▸ **To do**: Leave out the images and repeat the listing below without a single change.

▸ **Data section**:
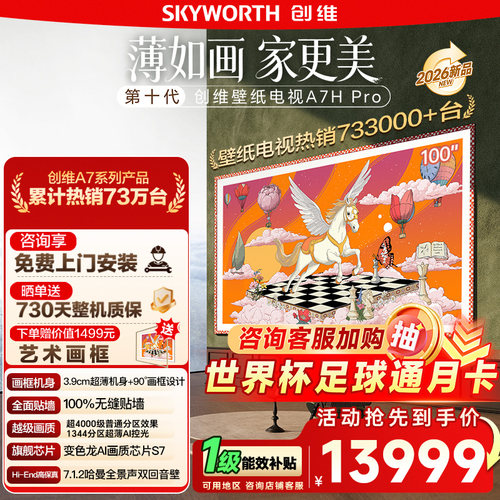 创维100英寸A7HPro超薄壁纸电视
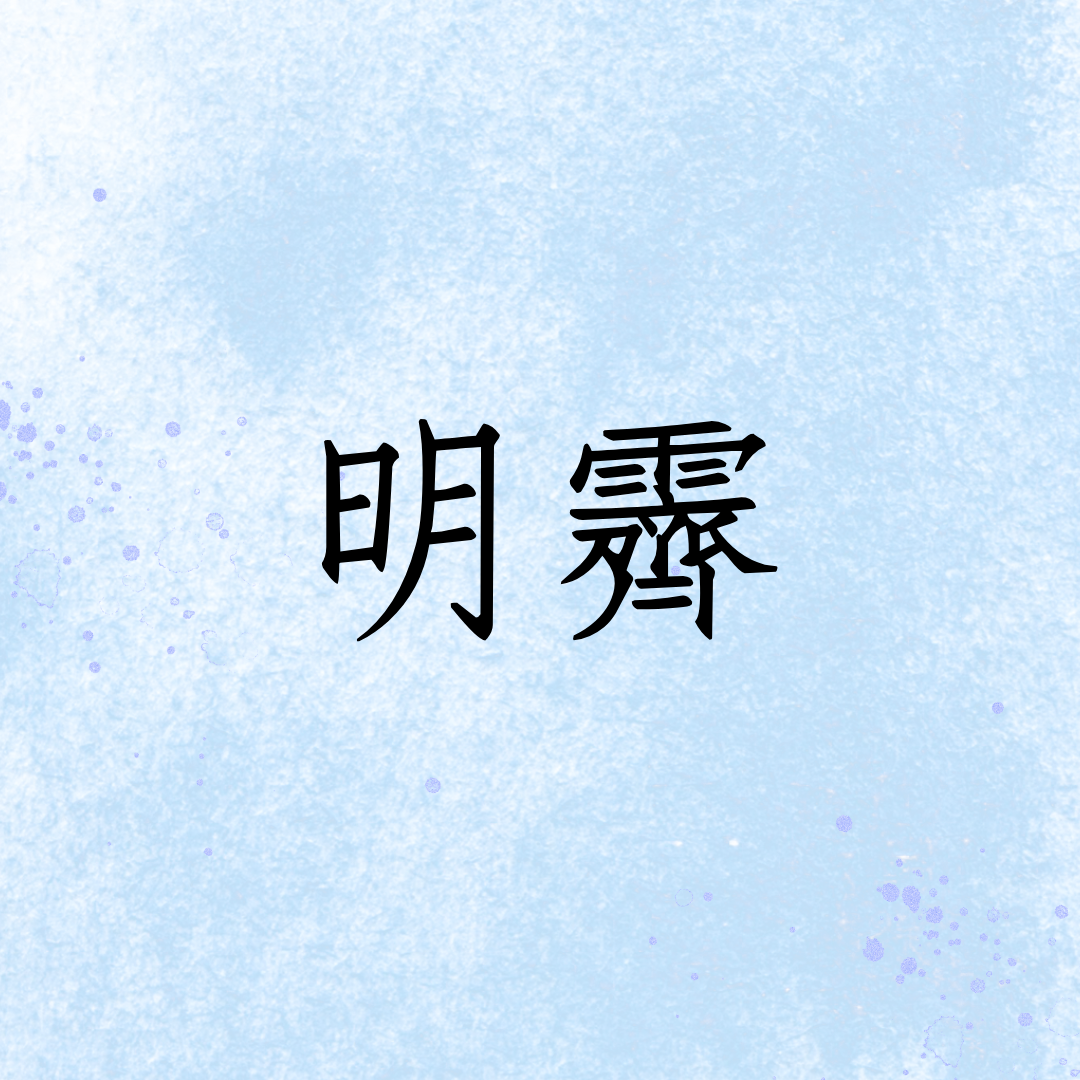 林明霽（秋陌微雨）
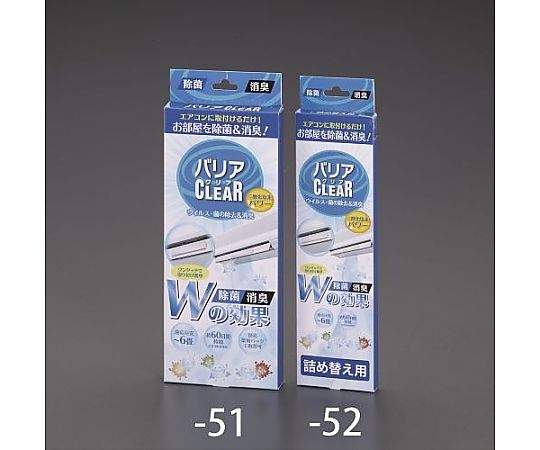 20g 除菌・消臭剤(エアコン用) EA997MZ-51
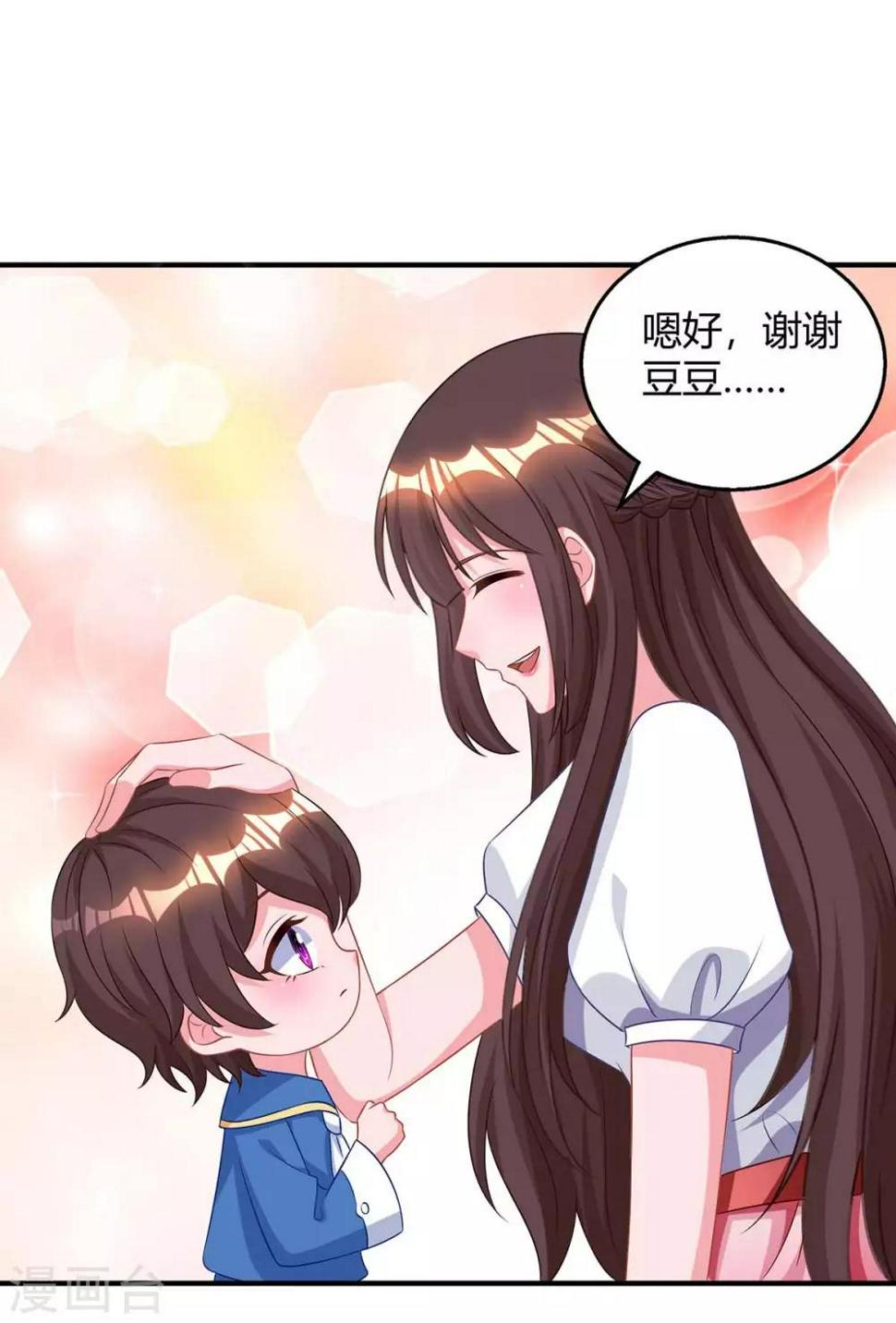 《霸道总裁求抱抱》漫画最新章节第161话 姑妈免费下拉式在线观看章节第【6】张图片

▸ **Finished task**:
 创维100英寸A7HPro超薄壁纸电视
 林明霽（秋陌微雨）
 20g 除菌・消臭剤(エアコン用) EA997MZ-51
 《霸道总裁求抱抱》漫画最新章节第161话 姑妈免费下拉式在线观看章节第【6】张图片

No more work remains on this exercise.